On Wed, 27 Mar 2002, Joseph Pingenot wrote:

> Howdy.
>
> I haven't poked at it much, but some of you might have a free minute to
> answer a fairly simple scheduler question.
>
> Does the scheduler merely select what process is going to run next, and
> then pause the current process and run the new one? If so, would it be
> beneficial to instead have the scheduler

Other tasks get run when any task is waiting for I/O to complete.
Since most tasks that are idle (sleeping) at any one time, for the
most part, only CPU-bound tasks that were preempted end up being
the next process to run anyway. This makes the tasks that had the
CPU taken forcefully away be the task that gets it back.

> a) run the task currently specified as being second-to-next

See above, there are no "second-to-next".

> b) select the task which will be run second-to-next and, if necessary,
> start to get whatever needs to be un-swapped [maybe make the
> processes state TASK_NEXTUP or something, and have its pages
> slowly swap in on timer or something]

Swapping occurs only when some running task accesses virtual address
space that is not currently present in memory, and/or, when the
kernel must steal pages from sleeping tasks to provide virtual
memory for some task that has page-faulted.

There is no way for the kernel to 'know' what a running task will
do next. You are free to write code that accesses all allocated
address space in a purely random manner.

>
> It seems to me that, if it's not already being done, this would increase
> complexity only a *little*, while making it *seem* faster, since the
> next process would be swapping in while the current process uses up its
> time.
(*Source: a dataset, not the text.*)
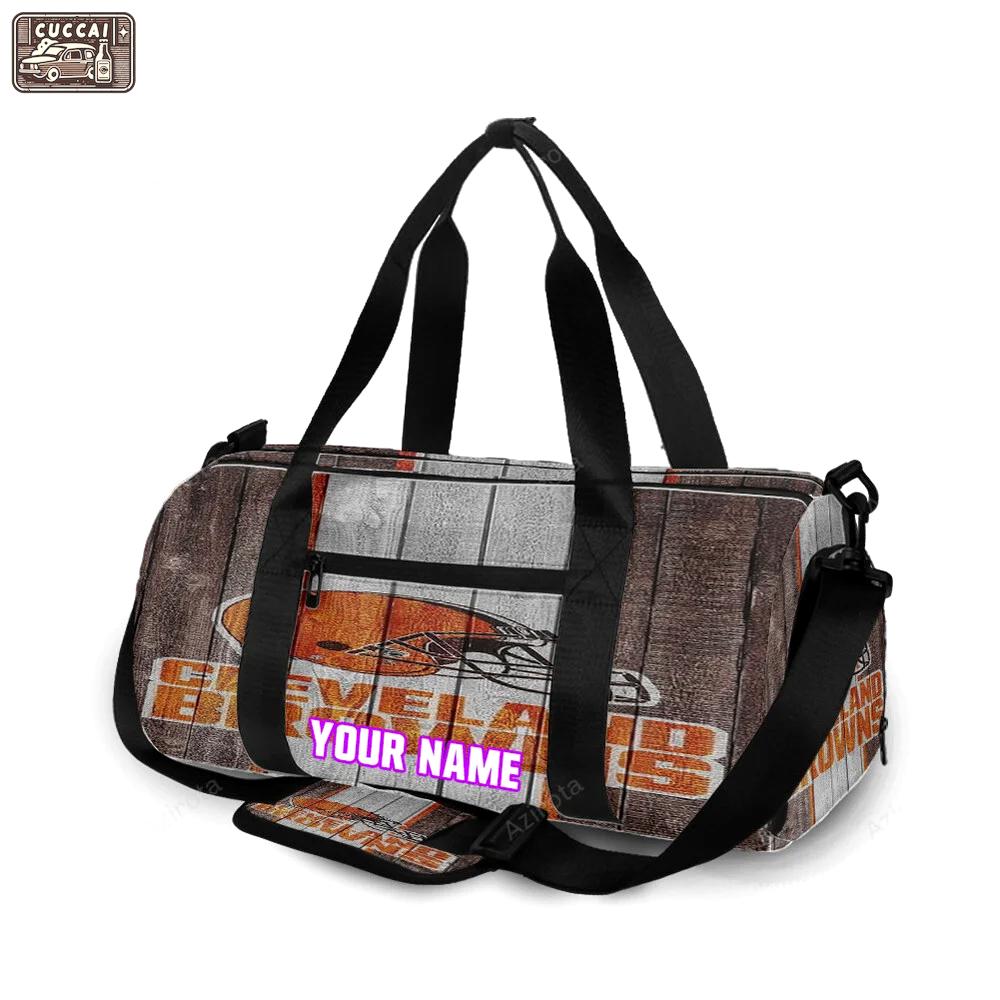 Cleveland browns logo wooden v2 personalized name travel bag gym bag 609 Travel Bag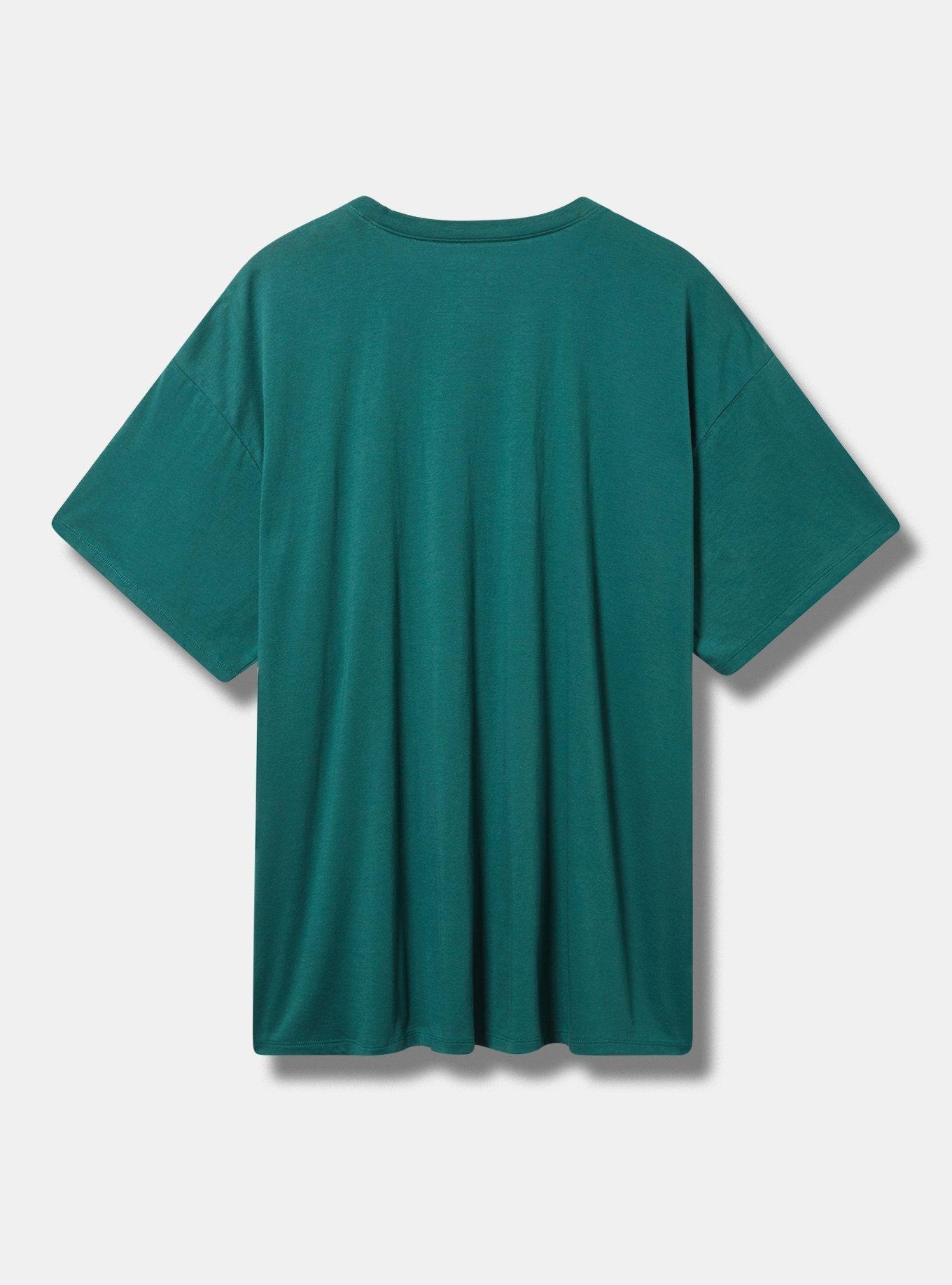 Janis Joplin Oversized Fit Cotton Crew Tee, TEAL, alternate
Naturally, this would cause problems if both processes can't fully
> swap in together.
>

The problems are that you don't seem to understand how a virtual
memory system works. Also, except in CPU-bound bench-marks that
don't relate to real tasks, tasks are seldom preempted. They
end up calling the kernel for some I/O and, while waiting for
that I/O to complete, the CPU is given to some other task.

If you do `ps -lae`, you will see a lot of tasks that are
sleeping. When the kernel needs some real RAM pages to satisfy
a tasks page-fault, it may take a page from one of these
sleeping tasks and write the contents to disk. It then marks
that PTE for the sleeping task 'not-present' and uses that
page to satisfy the current page-fault. When, if ever, the
sleeping task starts executing it may attempt to access the
missing page. This traps to the kernel, i.e., creates a page-
fault. The kernel tries to find a free page. It may find one.
If not, it may steal one from another sleeping task. In any
event, the kernel writes the contents, saved to disk, to the
replacement page, marks the PTE 'present' and returns control
to the page-faulted task. This is how a virtual memory system
works.

Eventually, you may have most all of the pages of sleeping
tasks written to disk. If the tasks never wake up (certain
network daemons, etc.). You have actually freed the sleeping
tasks pages and they become part of the resources available
for instant page-faulting. Before the kernel will steal
pages from tasks, it will exhaust most of its own buffer-pool
so, if your machine is into 'hard-swapping' it may be that
what it really is doing is writing disk file buffers to
disk, not actually writing to the swap-file. If you have
two or more disks, you can put the swap-file on the least-
used disk and see what Disk LED comes on during 'swapping'.
Usually, the I/O that occurs in a memory-starved condition is
not writing to the swap-file/device. Instead, it's writing
buffers to disk to free up RAM. So, you can see, any
for-knowledge of potential swapping isn't going to help
in the most common case.

Linux and Unix have virtual file-systems as well as virtual
address space. Basically, what you think is the file-system,
regardless of the physical device it was built upon, is really
just a RAM disk. This makes it fast. On the RAM disk, many
temporary files may be created and deleted without them ever
being written to the physical drive. This internal RAM disk
"overflows" to the physical media on a "least-recently-used"
basis. This keeps the recent file data in memory and the old
stuff on the physical drive(s). When the system needs more
memory to satisfy page-faults, it steals from the RAM disk
(disk buffers) first.

Cheers,
Dick Johnson

Penguin : Linux version 2.4.18 on an i686 machine (797.90 BogoMips).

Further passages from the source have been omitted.